All the members know that, currently, parliamentary compensation is tied to compensation for the judiciary. Last September, the government promised that the changes to parliamentary compensation would reflect the average salary increase of Canadians. Bill C-30 follows up on this commitment.
In this bill, changes to parliamentary compensation are tied to the annual average wage settlement index, published by Human Resources and Skills Development. This index tracks annual pay increases in the private sector.
In particular, the index includes over 400 collective agreements for over 800,000 employees across Canada.It is published every February documenting the wage changes of the previous calendar year.
This index is widely regarded as an authoritative measure. It is used by governments, private sector employers and unions, including the Canadian Auto Workers, the Teamsters and the Confédération des syndicats nationaux.

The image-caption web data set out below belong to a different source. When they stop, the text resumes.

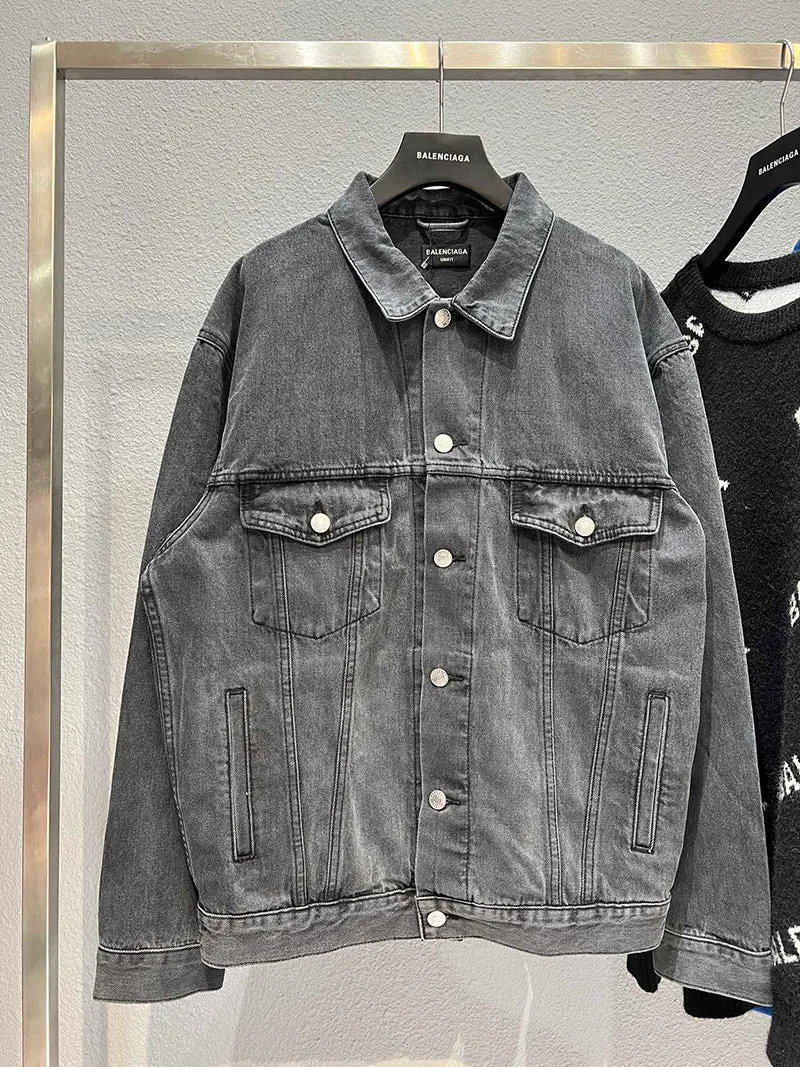 BALENCIAGA SPRAY PAINT LOGO DENIM JACKET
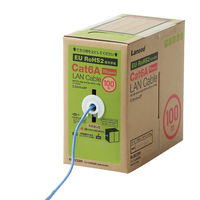 LANケーブル 100m cat6a ギガビット 単線 自作用 ケーブルのみ 青 LD-GPAL/BU100RS エレコム 1個（直送品）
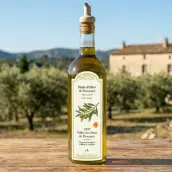 Étiquette huile d’olive grand format sur papier recyclé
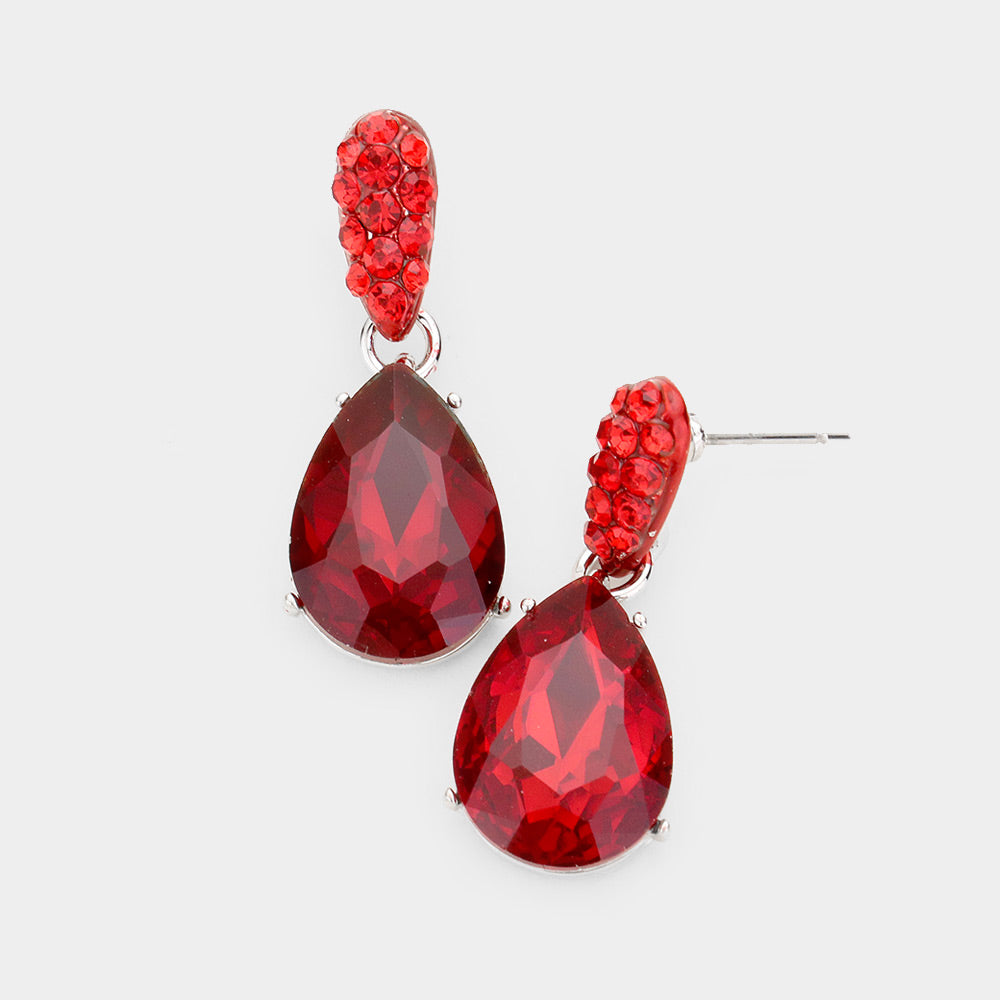 Small Red Crystal and Rhinestone Teardrop Dangle Earrings  | Little Girls | Older Girls Interview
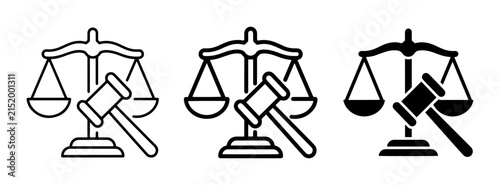 Justice Scales and Gavel Icons, Legal Symbolism, Law and Order Concepts, Courtroom Graphics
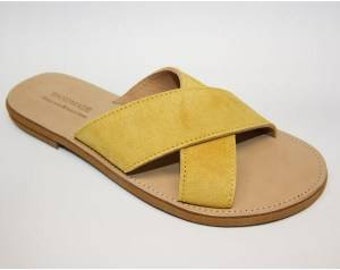 Suede blue red tirquise grey yellow leather handmade Greek Sandals, criss cross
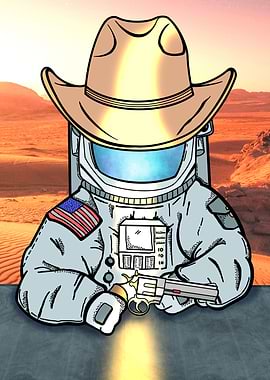 Cowboy astronaut in Mars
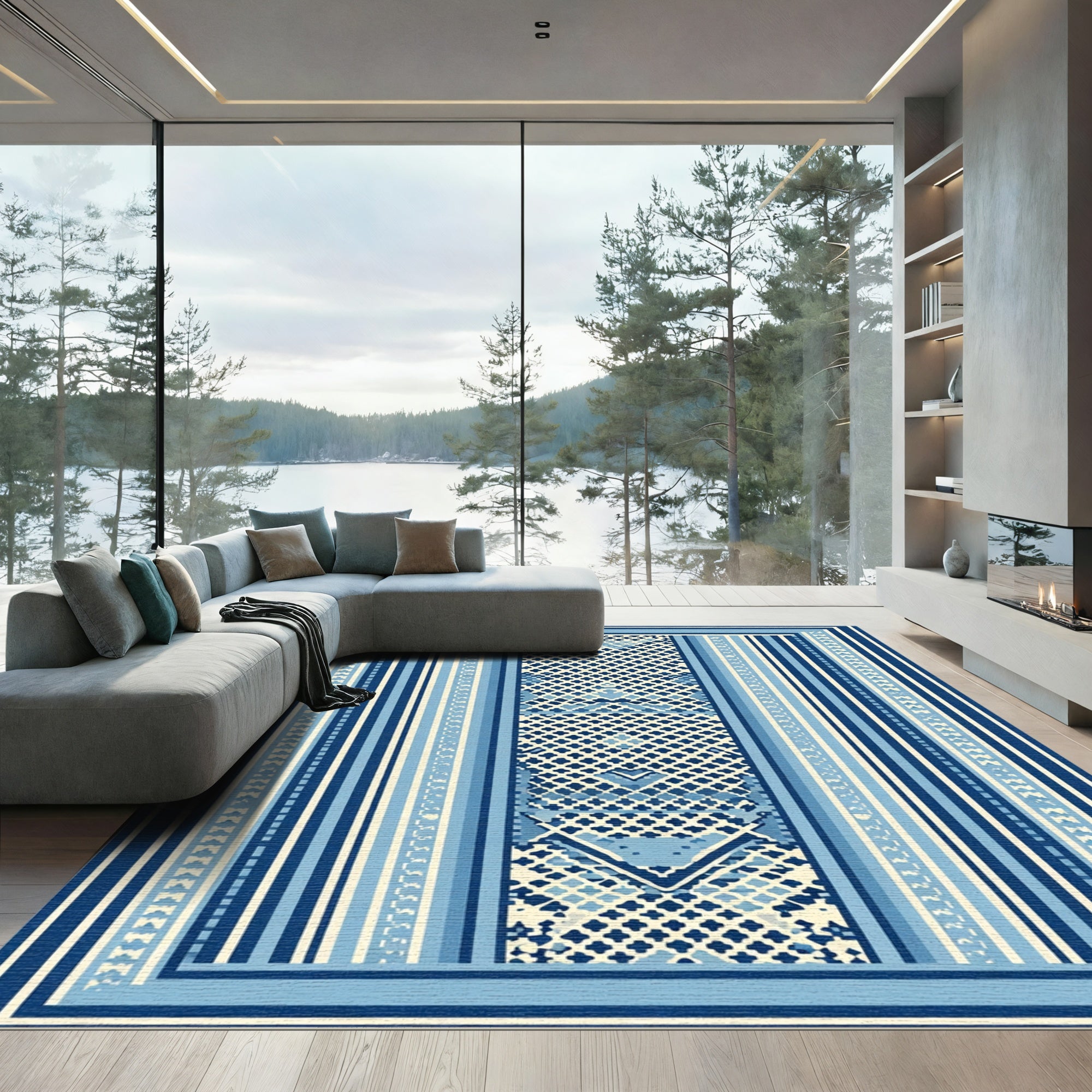 Geometric Blue Striped Central Medallion Rug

As the government House leader has said before, linking parliamentary compensation to this index is the right thing to do, for three reasons.
First, it is a fair way to ensure that parliamentarians' salaries are adjusted in line with the changes received by Canadians. The former House leader for the official opposition said during second reading debate of this bill that “the private sector wage settlement process is a very good one”. He thinks “Canadians can accept that”. We on this side of the House agree with those sentiments.
Second, the index is a well-known, respected and predictable measure.
Third, members of this House have recognized that we should not be linked to an index that includes the public sector, because we could be in a situation where the government is negotiating compensation levels for public sector unions or other groups or where Parliament must legislate public sector wages. If these negotiations or such legislation were to affect our own salaries, then obviously this would appear to create a conflict of interest.
Given this consideration, we are proposing an index for parliamentary consideration and parliamentary compensation that covers salary changes in the private sector alone.
After the Standing Committee on Procedure and House Affairs reported this bill, it was brought to the government's attention that a number of parliamentary functions were in fact not covered by the Parliament of Canada Act.
I am pleased that the official opposition and the NDP agreed that the deputy House leaders, deputy whips in the House and the Senate and the national caucus chairs receive modest compensation. These positions considerably increase parliamentary responsibilities and should therefore be compensated accordingly.
In conclusion, I want to say that, thanks to this bill, the government is keeping its commitment to delink compensation increases for parliamentarians and judges and, instead, to link them to the average pay increases of Canadians.
At the same time, I believe it is important that decisions on parliamentary compensation take into consideration the opinion of all members of this House. As a result, I am delighted that this bill has received generous support from both the government and opposition members.